* **Exercise goal**: The records below need to come back exactly as they are, pictures omitted.

-- Study material follows --

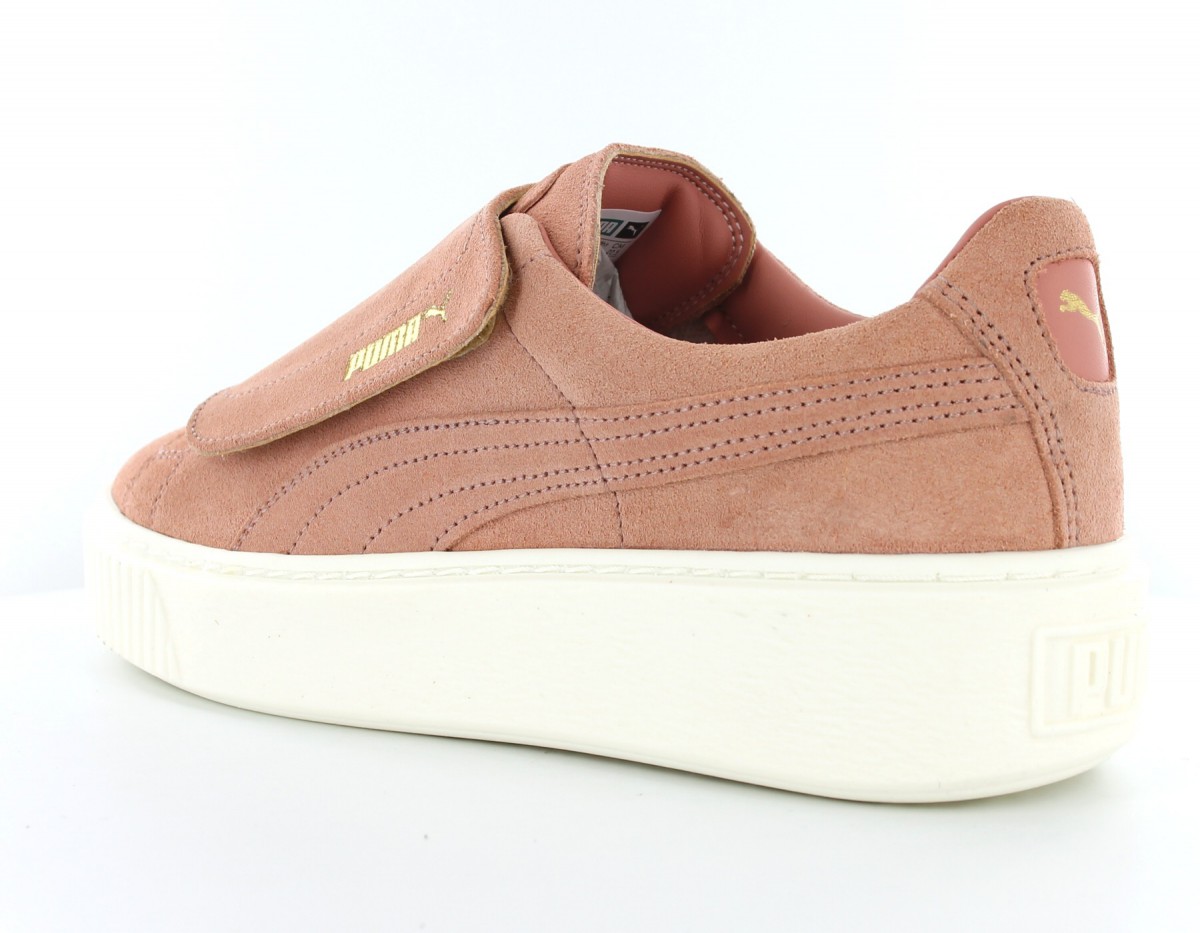 Puma Suede Platform Big Strap Cameo-Brown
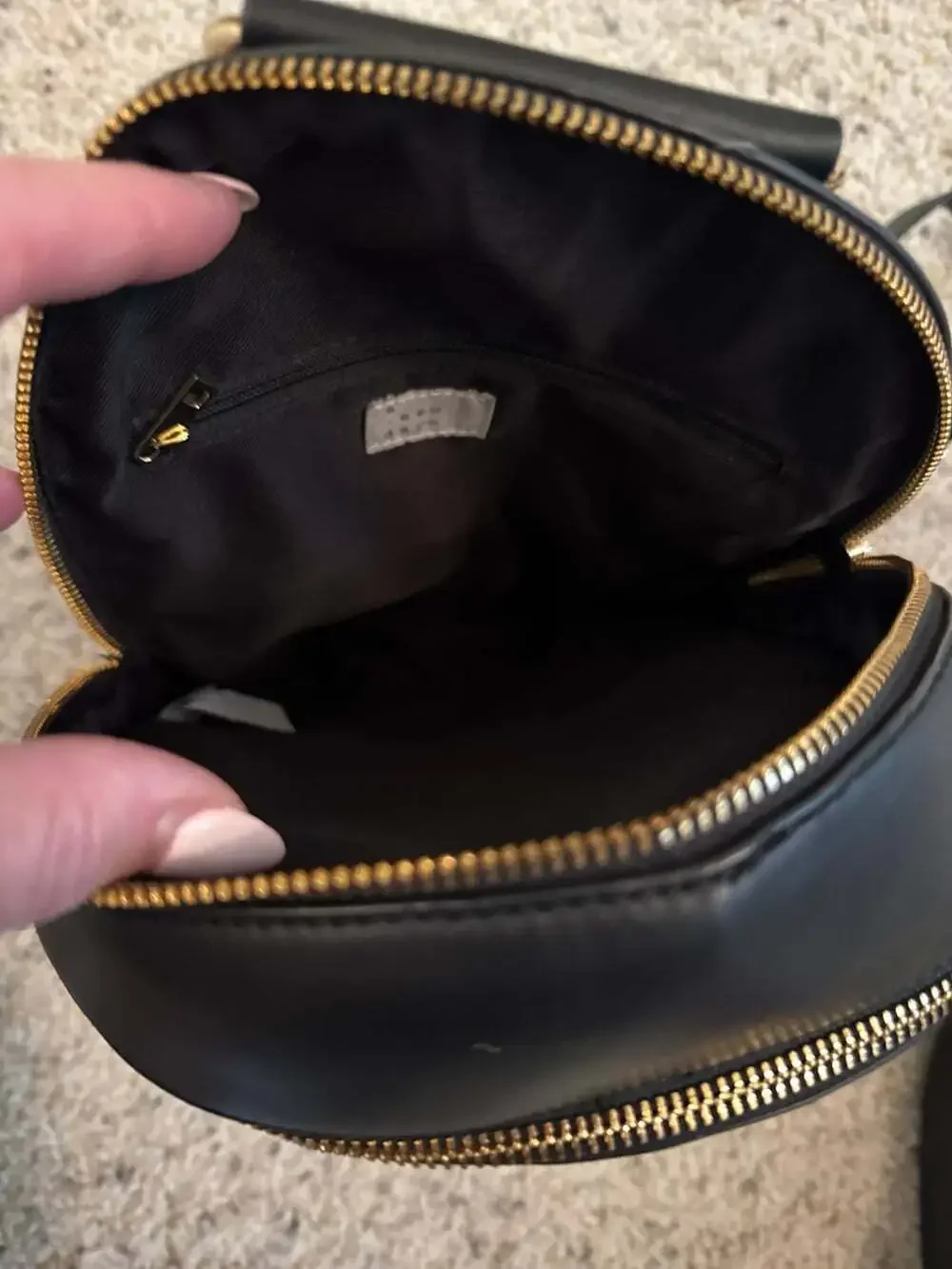 Womens Mini Backpack Purse Black Gold Ring Top Handle Double Zipper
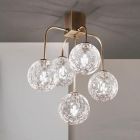 Ai Lati Lights Seventies Lampada da Soffitto in Vetro Soffiato 5xG9 L23cm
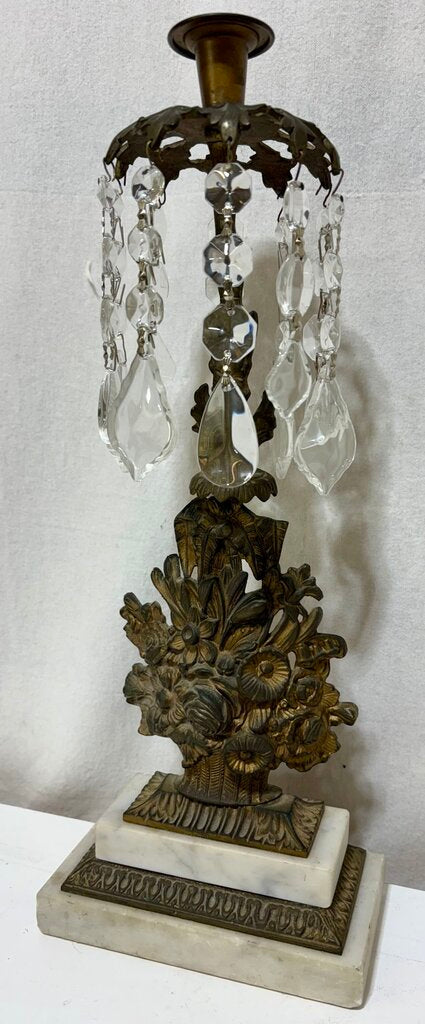 Antique French Floral Gilt Brass & Crystal Grandole (PAIR)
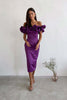 Load image into Gallery viewer, Rochie Mystic, Long Variant, Satin Cotton Fabric, Event Ruffles Dress, Orchid Purple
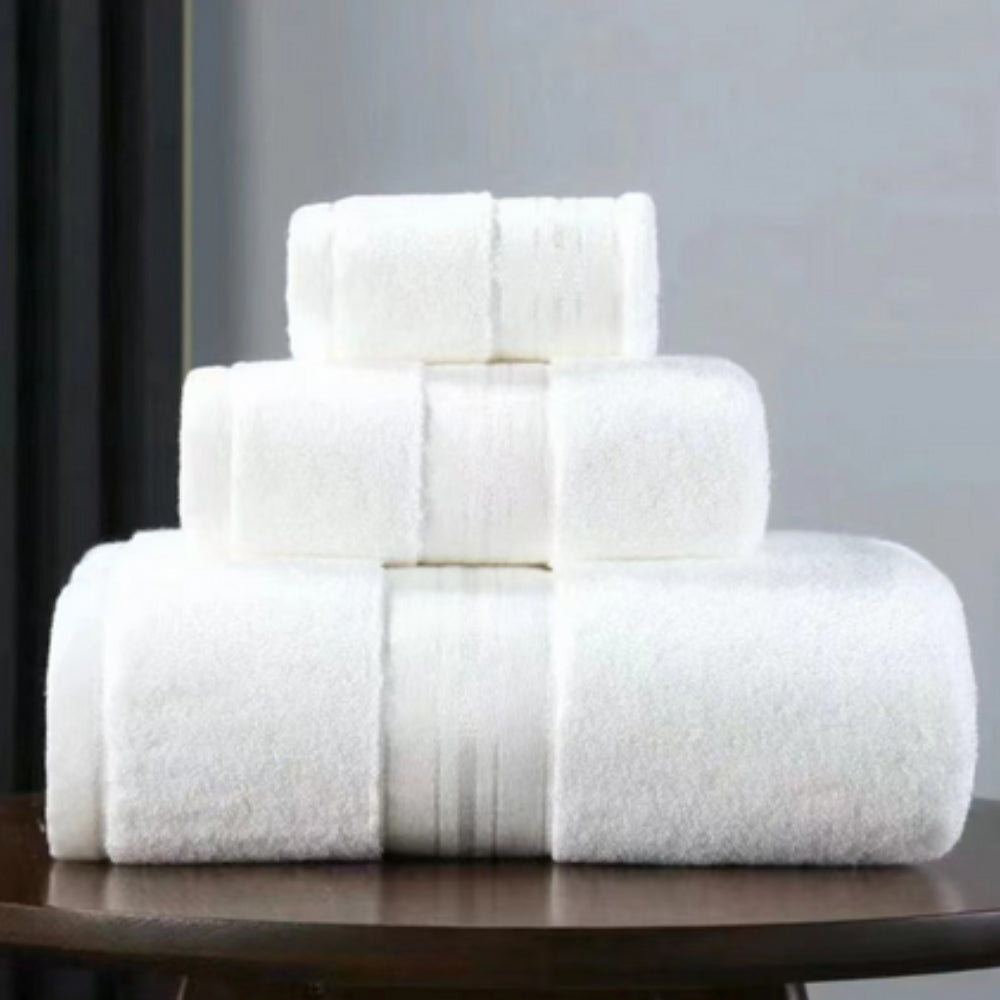 Cloud Comfort Egyptian Towel Set White 3 Piece Towel Set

-- Study material concluded --

* **Reply to the exercise**:
 Puma Suede Platform Big Strap Cameo-Brown
 Womens Mini Backpack Purse Black Gold Ring Top Handle Double Zipper
 Ai Lati Lights Seventies Lampada da Soffitto in Vetro Soffiato 5xG9 L23cm
 Antique French Floral Gilt Brass & Crystal Grandole (PAIR)
 Load image into Gallery viewer, Rochie Mystic, Long Variant, Satin Cotton Fabric, Event Ruffles Dress, Orchid Purple
 Cloud Comfort Egyptian Towel Set White 3 Piece Towel Set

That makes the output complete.